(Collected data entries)
__________
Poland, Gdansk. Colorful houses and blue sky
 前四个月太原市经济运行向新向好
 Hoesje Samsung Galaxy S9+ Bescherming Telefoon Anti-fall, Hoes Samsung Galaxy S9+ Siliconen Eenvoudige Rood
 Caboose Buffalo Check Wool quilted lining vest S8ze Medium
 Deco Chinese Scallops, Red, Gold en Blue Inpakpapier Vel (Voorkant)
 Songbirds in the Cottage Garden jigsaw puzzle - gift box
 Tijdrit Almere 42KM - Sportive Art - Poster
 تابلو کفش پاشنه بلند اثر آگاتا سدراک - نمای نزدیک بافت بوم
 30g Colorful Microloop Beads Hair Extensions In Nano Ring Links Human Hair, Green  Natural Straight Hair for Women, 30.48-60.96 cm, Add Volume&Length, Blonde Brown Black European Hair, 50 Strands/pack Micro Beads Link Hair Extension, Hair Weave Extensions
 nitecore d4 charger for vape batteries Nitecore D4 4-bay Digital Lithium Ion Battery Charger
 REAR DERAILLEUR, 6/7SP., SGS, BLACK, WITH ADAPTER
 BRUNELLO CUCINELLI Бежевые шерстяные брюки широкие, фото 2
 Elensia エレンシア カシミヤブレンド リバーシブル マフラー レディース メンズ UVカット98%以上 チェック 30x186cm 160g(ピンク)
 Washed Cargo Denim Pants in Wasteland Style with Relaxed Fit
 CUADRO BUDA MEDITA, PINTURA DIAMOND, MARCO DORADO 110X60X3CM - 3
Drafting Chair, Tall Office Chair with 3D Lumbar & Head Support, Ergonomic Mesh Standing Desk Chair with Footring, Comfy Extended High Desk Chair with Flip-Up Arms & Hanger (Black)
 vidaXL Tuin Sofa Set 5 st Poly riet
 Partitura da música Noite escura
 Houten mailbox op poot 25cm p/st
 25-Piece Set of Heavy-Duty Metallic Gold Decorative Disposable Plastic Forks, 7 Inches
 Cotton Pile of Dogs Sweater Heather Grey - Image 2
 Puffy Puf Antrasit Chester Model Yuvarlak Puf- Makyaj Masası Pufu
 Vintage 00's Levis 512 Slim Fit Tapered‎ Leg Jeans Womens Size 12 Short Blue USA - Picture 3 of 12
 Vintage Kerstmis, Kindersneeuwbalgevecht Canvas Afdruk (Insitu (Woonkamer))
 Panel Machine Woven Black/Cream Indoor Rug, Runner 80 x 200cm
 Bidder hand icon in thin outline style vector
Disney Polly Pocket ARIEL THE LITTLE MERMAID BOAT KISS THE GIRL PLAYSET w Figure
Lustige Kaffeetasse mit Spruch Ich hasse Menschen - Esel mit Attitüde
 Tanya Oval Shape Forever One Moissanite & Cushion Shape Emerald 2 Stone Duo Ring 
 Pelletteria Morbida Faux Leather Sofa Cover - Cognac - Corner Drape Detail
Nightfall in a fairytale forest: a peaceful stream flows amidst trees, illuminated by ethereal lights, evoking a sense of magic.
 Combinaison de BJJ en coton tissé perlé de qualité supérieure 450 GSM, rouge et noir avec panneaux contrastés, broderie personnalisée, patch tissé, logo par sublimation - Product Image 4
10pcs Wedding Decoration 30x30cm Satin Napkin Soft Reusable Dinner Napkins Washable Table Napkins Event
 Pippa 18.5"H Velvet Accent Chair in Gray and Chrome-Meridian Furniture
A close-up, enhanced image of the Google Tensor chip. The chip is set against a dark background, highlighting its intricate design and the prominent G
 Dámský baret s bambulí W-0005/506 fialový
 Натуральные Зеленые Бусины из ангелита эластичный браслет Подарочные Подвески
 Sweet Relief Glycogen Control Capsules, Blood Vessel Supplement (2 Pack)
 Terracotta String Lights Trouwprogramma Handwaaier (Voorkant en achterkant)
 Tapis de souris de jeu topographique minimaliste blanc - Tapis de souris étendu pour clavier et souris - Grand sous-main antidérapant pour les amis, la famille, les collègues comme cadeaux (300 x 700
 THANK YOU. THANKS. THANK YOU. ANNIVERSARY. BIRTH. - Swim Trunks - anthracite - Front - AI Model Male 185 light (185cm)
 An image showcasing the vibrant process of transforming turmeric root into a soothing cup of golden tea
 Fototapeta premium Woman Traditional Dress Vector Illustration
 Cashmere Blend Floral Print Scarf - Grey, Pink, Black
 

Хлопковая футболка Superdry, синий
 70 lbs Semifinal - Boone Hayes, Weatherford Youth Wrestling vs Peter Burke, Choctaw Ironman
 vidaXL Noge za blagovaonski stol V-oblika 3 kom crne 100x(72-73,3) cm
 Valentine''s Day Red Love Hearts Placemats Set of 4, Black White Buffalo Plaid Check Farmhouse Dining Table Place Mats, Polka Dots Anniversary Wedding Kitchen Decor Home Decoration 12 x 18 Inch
__________
### Exercise aim
Which lines of the data include the string "Table"? Copy each of them.

### Answer to this problem
10pcs Wedding Decoration 30x30cm Satin Napkin Soft Reusable Dinner Napkins Washable Table Napkins Event
 Valentine''s Day Red Love Hearts Placemats Set of 4, Black White Buffalo Plaid Check Farmhouse Dining Table Place Mats, Polka Dots Anniversary Wedding Kitchen Decor Home Decoration 12 x 18 Inch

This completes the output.